**RECORDS SUPPLIED:**
:::

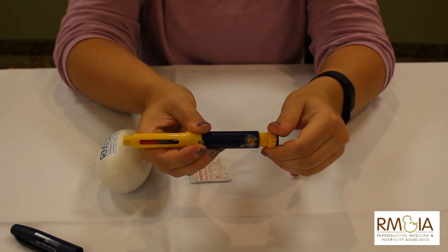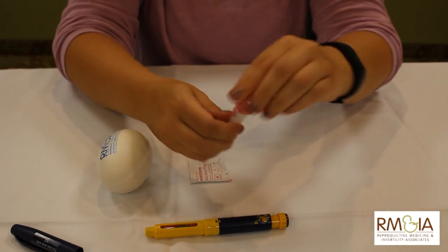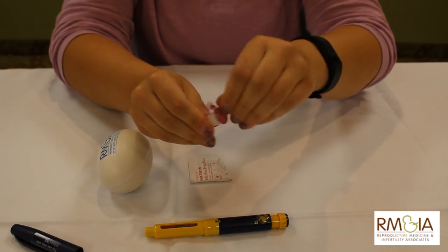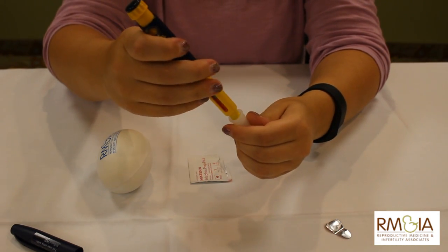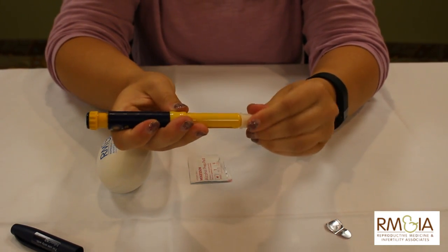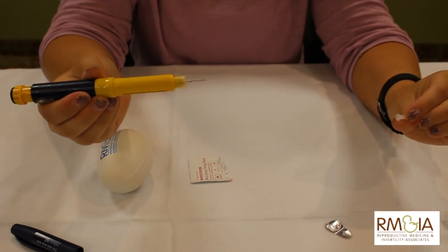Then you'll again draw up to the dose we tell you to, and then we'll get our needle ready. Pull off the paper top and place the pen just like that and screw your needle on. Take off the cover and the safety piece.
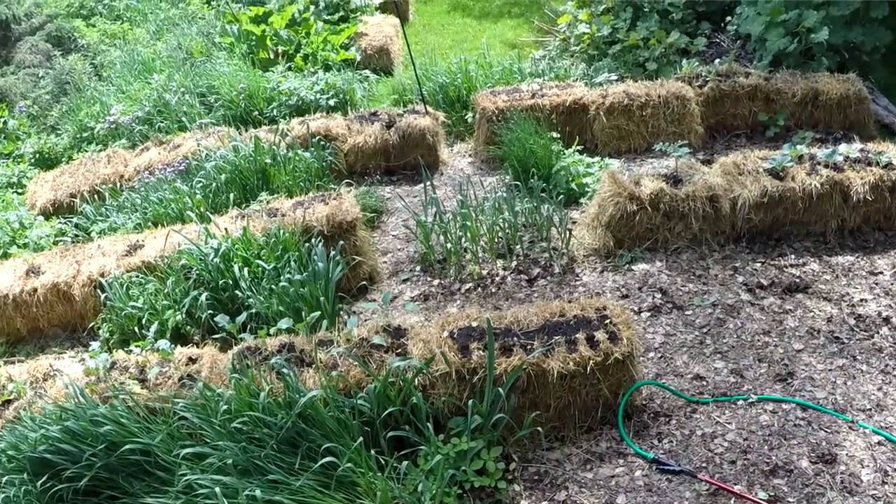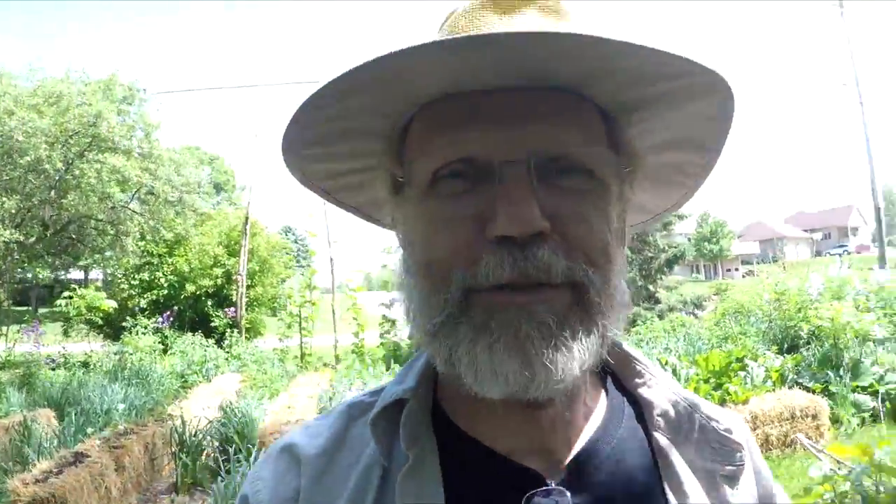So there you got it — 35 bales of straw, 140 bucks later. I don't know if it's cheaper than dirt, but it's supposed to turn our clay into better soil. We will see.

:::

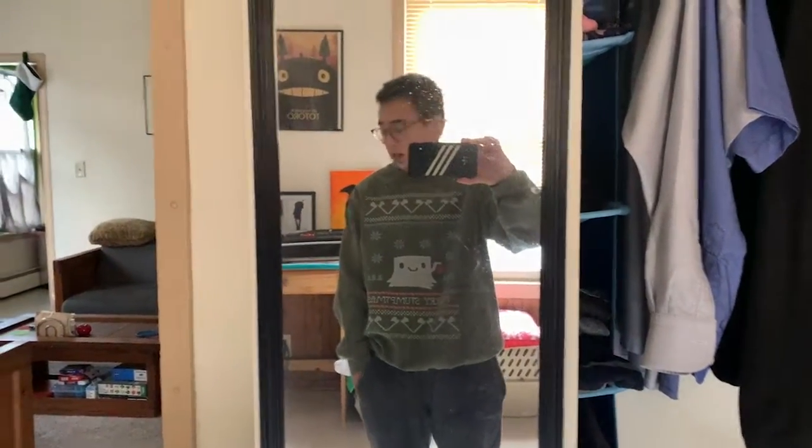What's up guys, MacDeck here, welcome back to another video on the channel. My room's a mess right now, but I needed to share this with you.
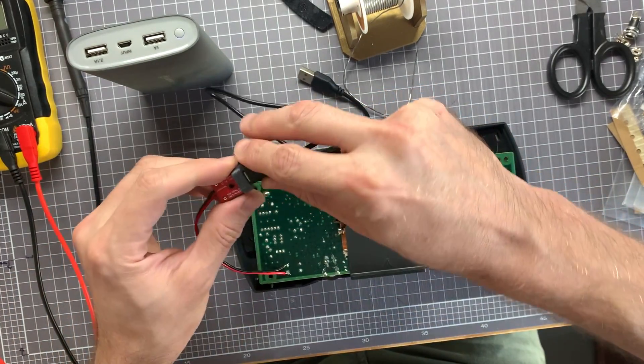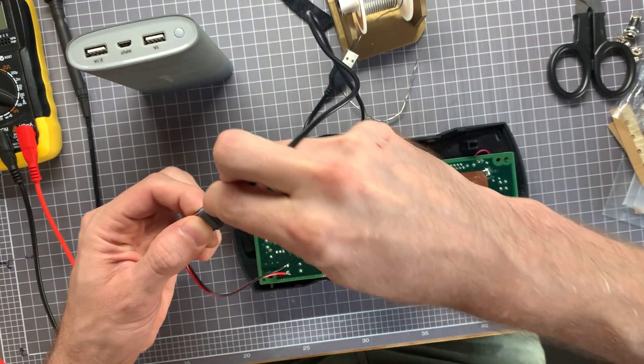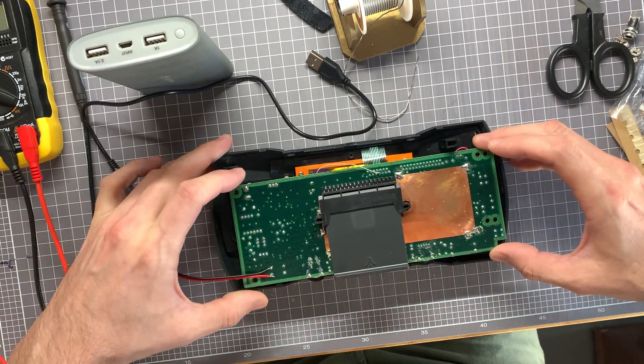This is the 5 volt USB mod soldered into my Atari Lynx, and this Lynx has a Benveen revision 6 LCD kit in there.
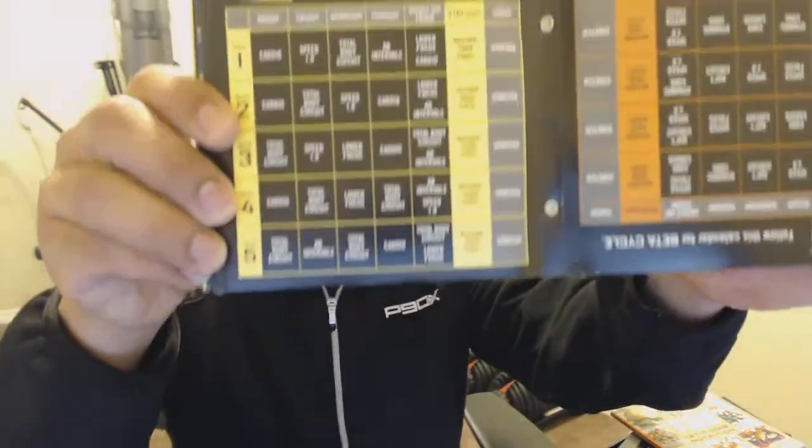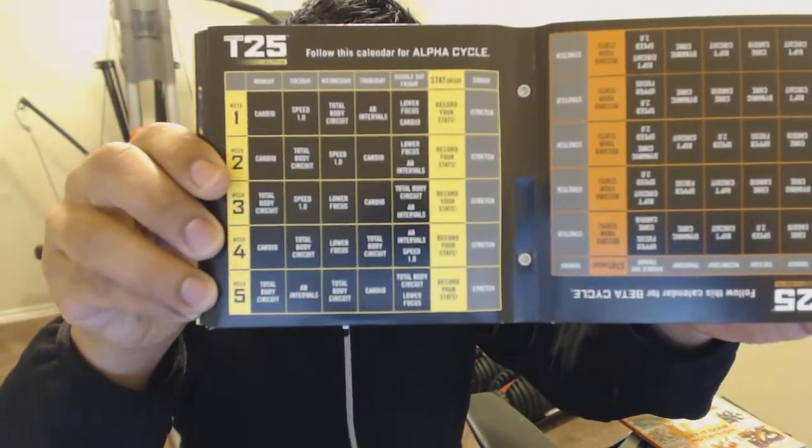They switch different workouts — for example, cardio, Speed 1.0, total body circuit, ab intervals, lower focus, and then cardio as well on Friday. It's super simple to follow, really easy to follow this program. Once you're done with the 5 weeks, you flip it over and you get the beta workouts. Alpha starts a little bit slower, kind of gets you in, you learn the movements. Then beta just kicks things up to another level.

:::

**ASSIGNMENT:**
Print exactly the lines above that run from the one with "What's up guys, MacDeck" to the one with "This is the", both included. No pictures.

**EXERCISE SOLUTION:**
What's up guys, MacDeck here, welcome back to another video on the channel. My room's a mess right now, but I needed to share this with you.
This is the 5 volt USB mod soldered into my Atari Lynx, and this Lynx has a Benveen revision 6 LCD kit in there.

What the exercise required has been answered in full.